**Task statement**
Word for word, return the lines below from the first through the line that has "Blue Ad necklace", dropping the pictures.

**Data section**
"""

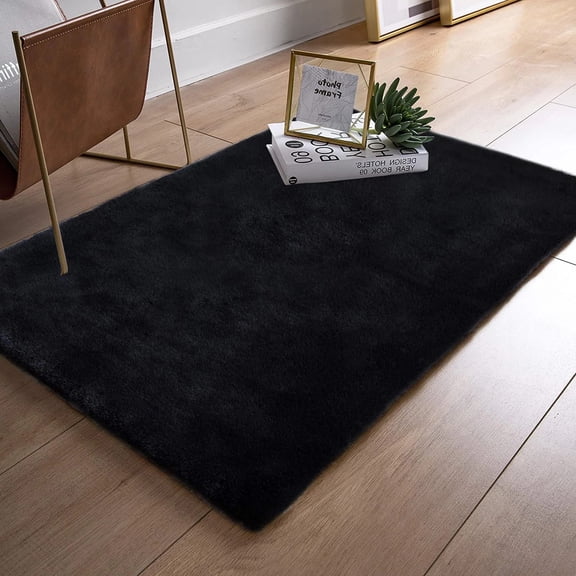 iLieber Faux Rabbit Soft Fluffy Fur 2x3 Black Area Rug,Washable Rugs Bedside Rug Plush Rug Nursery Rug for Living Room Bedroom Teen Room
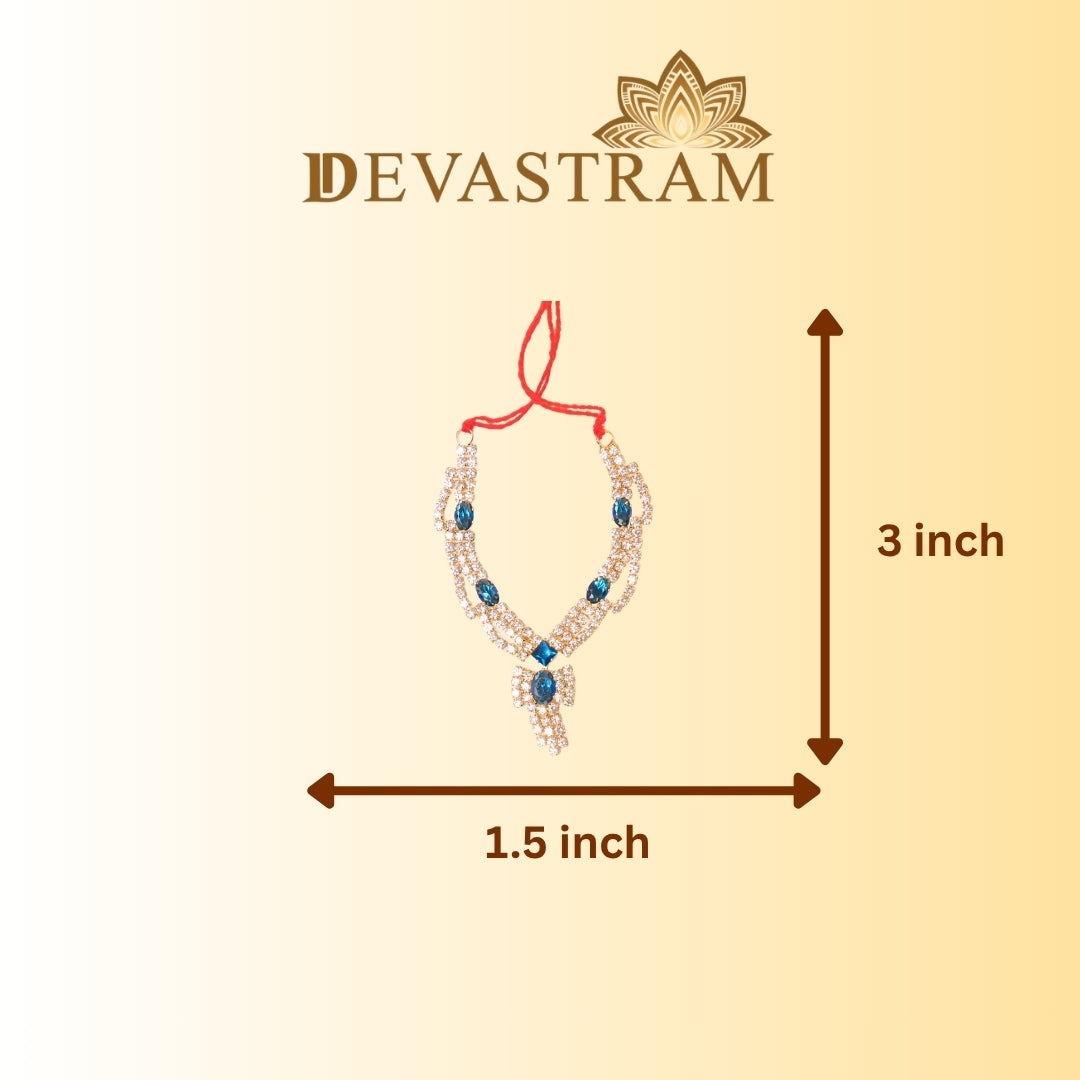Blue Ad necklace with measurements on a beige background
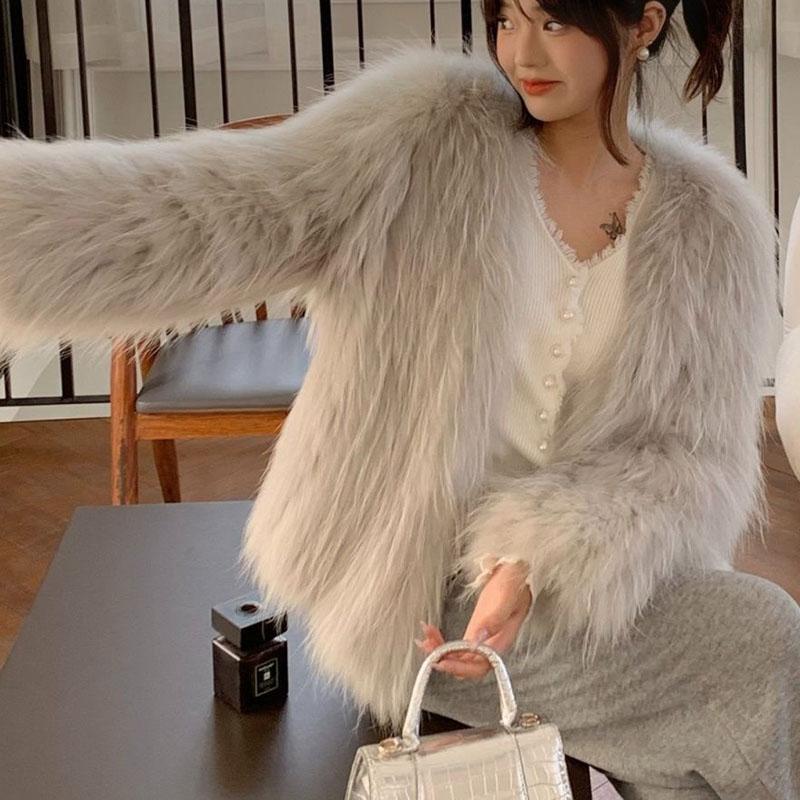 Зимнее плюшевое пальто из искусственного меха, женские свободные короткие меховые куртки, женская уличная одежда, повседневная женская куртка, пальто 2024, осень-зима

"""

**Your response**
 iLieber Faux Rabbit Soft Fluffy Fur 2x3 Black Area Rug,Washable Rugs Bedside Rug Plush Rug Nursery Rug for Living Room Bedroom Teen Room
Blue Ad necklace with measurements on a beige background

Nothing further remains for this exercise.